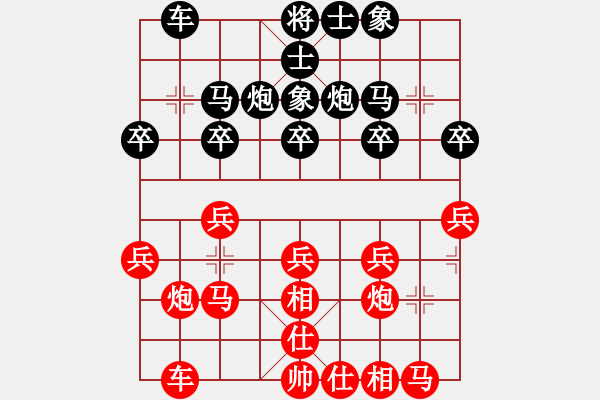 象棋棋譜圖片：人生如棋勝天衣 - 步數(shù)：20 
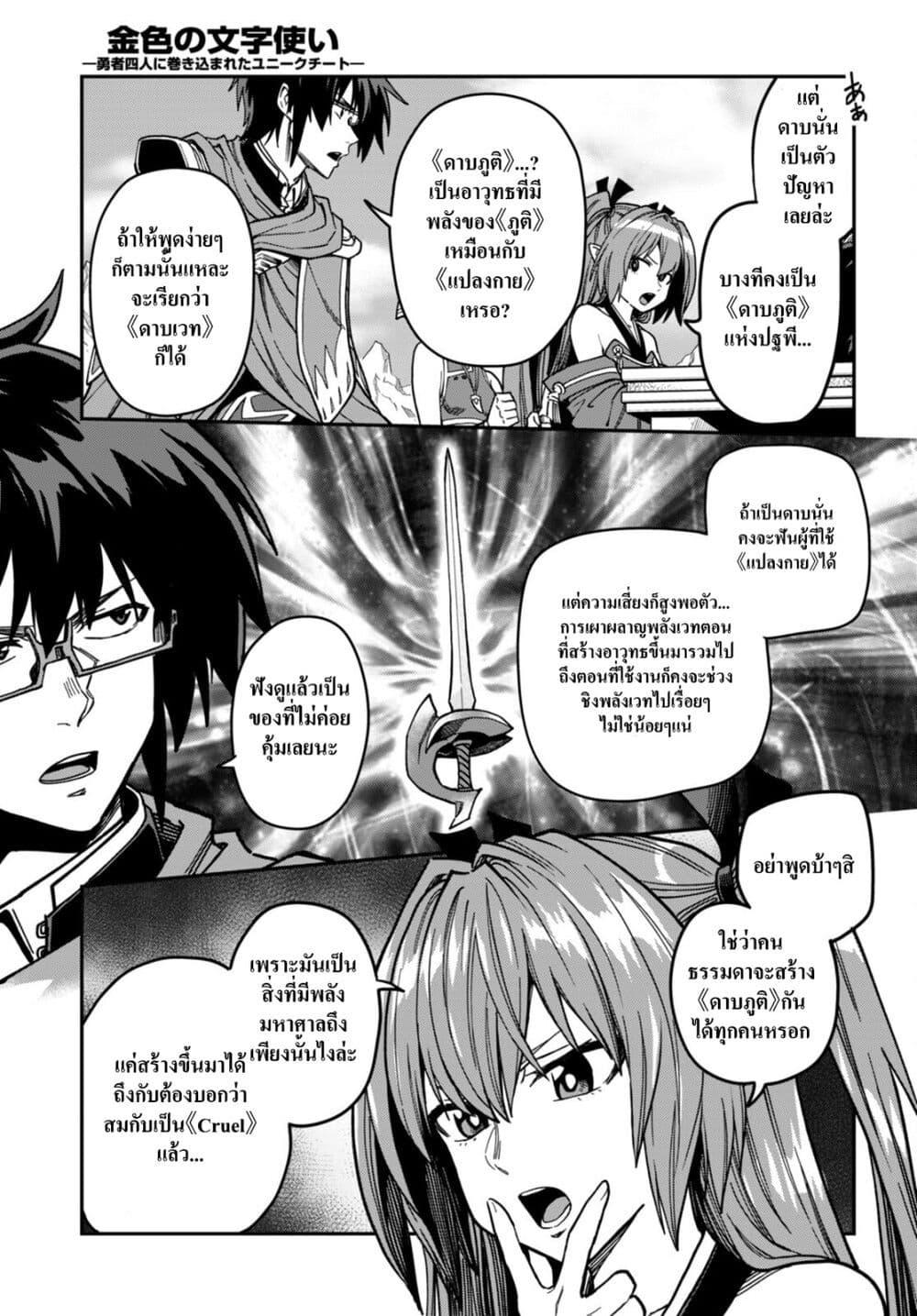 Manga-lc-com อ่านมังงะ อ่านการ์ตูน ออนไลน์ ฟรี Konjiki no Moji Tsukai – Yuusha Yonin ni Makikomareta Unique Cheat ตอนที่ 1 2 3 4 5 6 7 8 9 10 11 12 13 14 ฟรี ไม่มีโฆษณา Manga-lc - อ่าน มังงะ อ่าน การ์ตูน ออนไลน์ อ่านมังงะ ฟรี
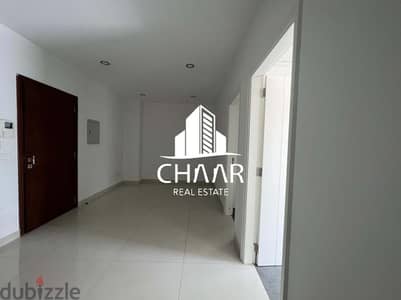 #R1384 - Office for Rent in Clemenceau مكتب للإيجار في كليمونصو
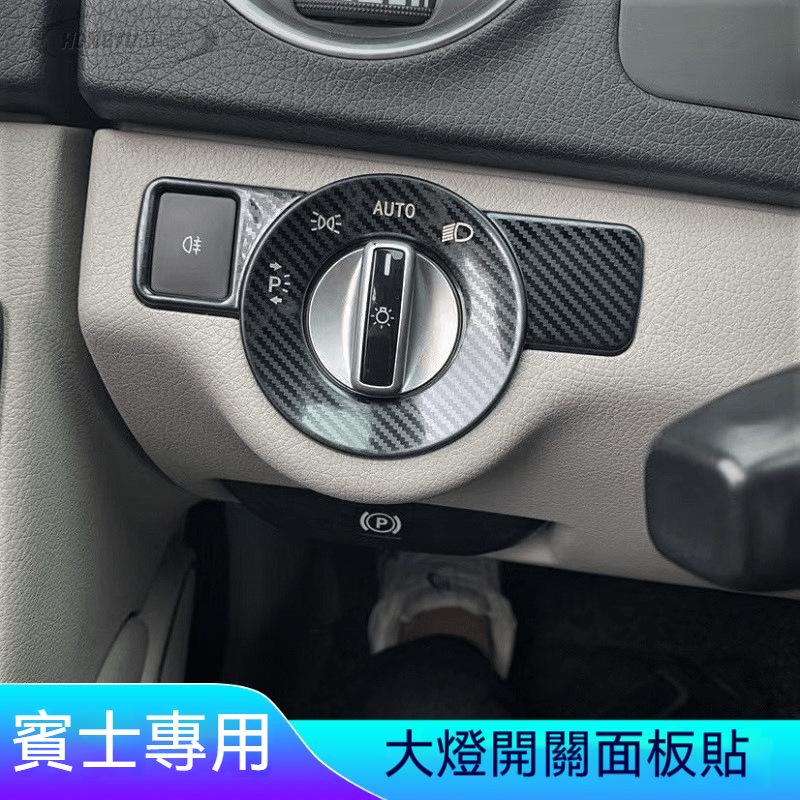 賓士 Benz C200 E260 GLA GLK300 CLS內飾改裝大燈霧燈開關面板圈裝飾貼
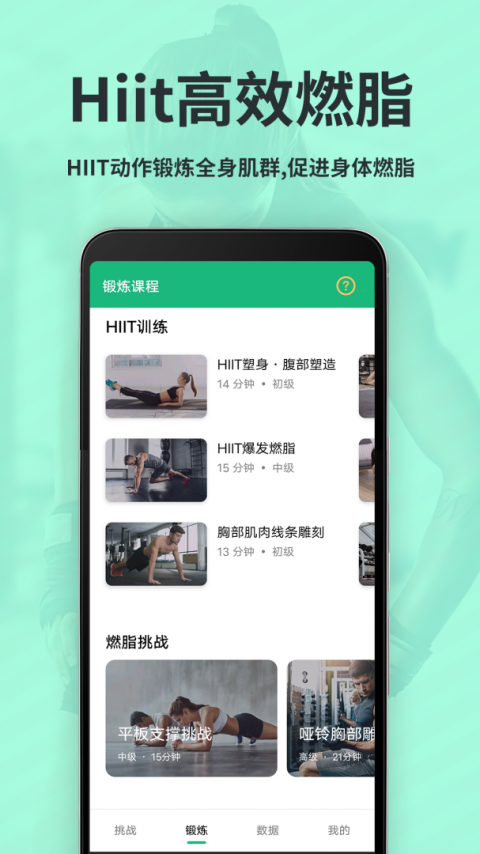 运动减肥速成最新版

### Task description
The result should be an exact copy of the material, containing no pictures.

### Reply
 象棋棋譜圖片：人生如棋勝天衣 - 步數(shù)：20 
 Manga-lc-com อ่านมังงะ อ่านการ์ตูน ออนไลน์ ฟรี Konjiki no Moji Tsukai – Yuusha Yonin ni Makikomareta Unique Cheat ตอนที่ 1 2 3 4 5 6 7 8 9 10 11 12 13 14 ฟรี ไม่มีโฆษณา Manga-lc - อ่าน มังงะ อ่าน การ์ตูน ออนไลน์ อ่านมังงะ ฟรี
 #R1384 - Office for Rent in Clemenceau مكتب للإيجار في كليمونصو
 賓士 Benz C200 E260 GLA GLK300 CLS內飾改裝大燈霧燈開關面板圈裝飾貼
 运动减肥速成最新版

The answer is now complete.